This document is also available in these non-normative formats: http://www.w3.org/TR/2005/NOTE-xml11schema10-20050511/11sp.xml.
Copyright © 2005 W3C® (MIT, ERCIM, Keio), All Rights Reserved. W3C liability, trademark, and document use rules apply.
XML Schema 1.0 did not anticipate new versions of XML, and mandated XML 1.0 documents as the starting point for schema-validity assessment. Some users and specifications would like to use XML Schema processors which process XML 1.1 documents, and some implementors of XML Schema processors would like to provide XML 1.1 support.

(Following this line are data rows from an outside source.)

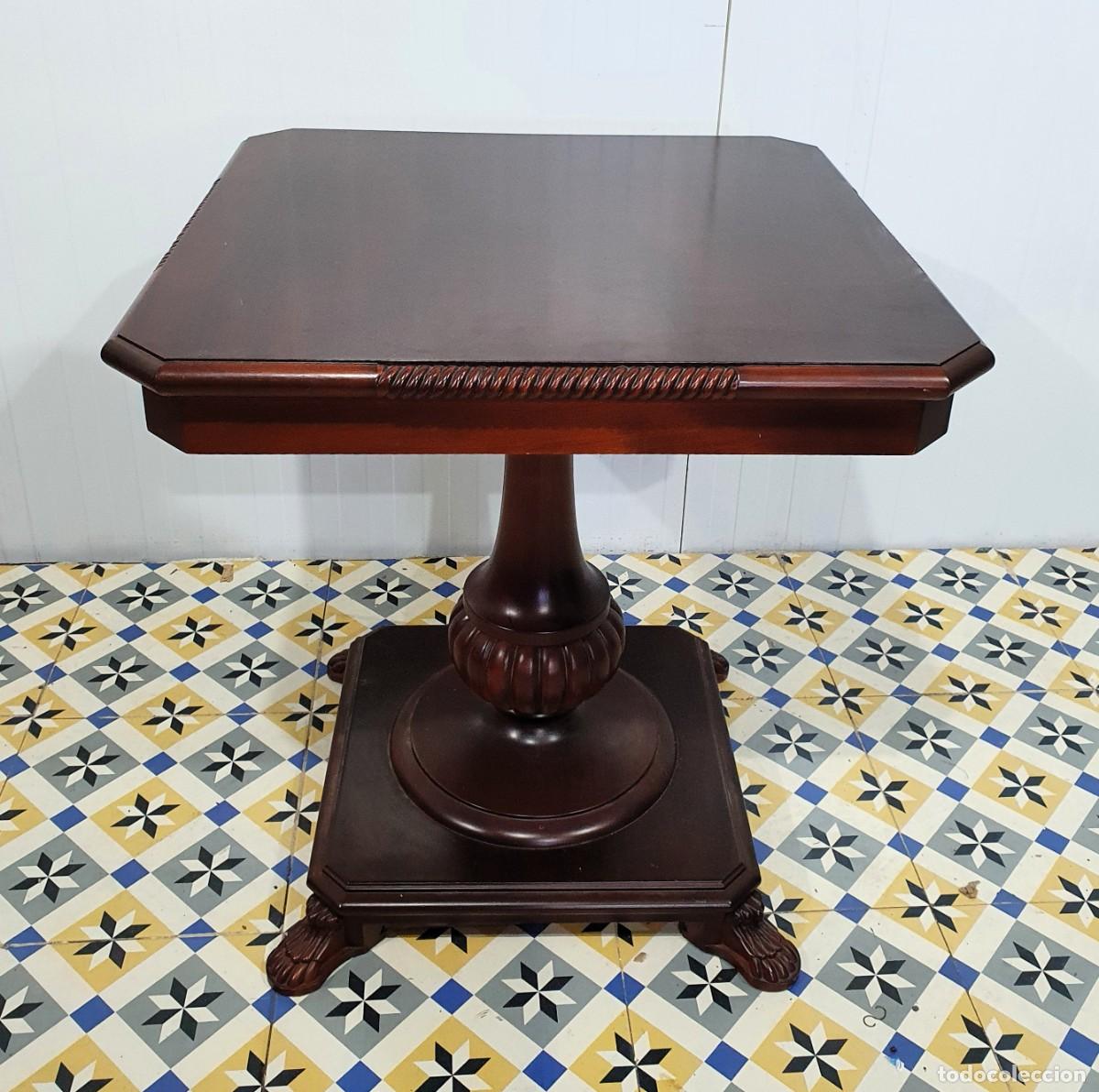 Antig&uuml;edades: Mesa de Juego central con madera maciza de caoba - Foto 1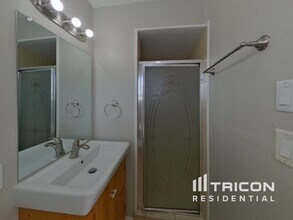 5590 26th Ave N in St. Petersburg, FL - Building Photo - Building Photo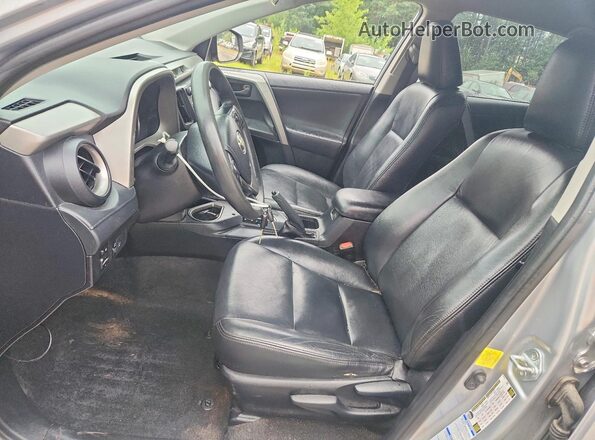 2T3BFREV4HW666334 2017 TOYOTA RAV4 Серебряный Вид панели приборов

This Note suggests an implementation strategy for implementors to adopt to enable users and specifications to get such support in a consistent way. All aspects of XML Schema which are liable to re-interpretation as a result of changes in XML 1.1 are discussed.
An implementation of schema-validity assessment employing such a strategy is strictly speaking non-conformant to the current version of the XML Schema specification. The XML Schema WG none-the-less believes that interoperability will best be served by such non-conformant processors being made available to users, until such time as a subsequent version of XML Schema addressing this issue normatively is approved.
This section describes the status of this document at the
time of its publication. Other documents may supersede this
document. A list of current W3C publications and the latest revision
of this technical report can be found in the W3C technical reports index at
http://www.w3.org/TR/
.
This document is a Working Group Note prepared by the W3C XML Schema Working Group, as part of the W3C XML Activity, and published on 11 May 2005. It describes methods of supporting XML 1.1 documents with schema processors designed to support XML Schema 1.0.
XML Schema 1.0 parts 1 and 2 refer normatively to XML 1.0 and makes no explicit provision for support of later versions of the XML specification; this lack is sometimes advanced as a reason for W3C specifications which depend on XML Schema not to support XML 1.1. But there are strong reasons to encourage the wide adoption of XML 1.1, which is more successfully internationalized than XML 1.0. At the time this Note is published, the question of how best to support XML 1.1 in XML Schema is still open.
This Note offers strategies for supporting XML 1.1, based on the implementation experience of some members of the XML Schema Working Group. It is hoped that the techniques described here will be helpful to other implementors and to users. Equally, the Working Group hopes that this Note will elicit discussion in the larger XML community concerning the best way for the XML Schema Working Group to balance the competing demands of flexibility in references to other specifications, stability, and interoperability. This Note is published with the full consensus of the XML Schema Working Group.
Comments on this document and the issues it raises are welcome; please send comments on this document to [email protected] (archive).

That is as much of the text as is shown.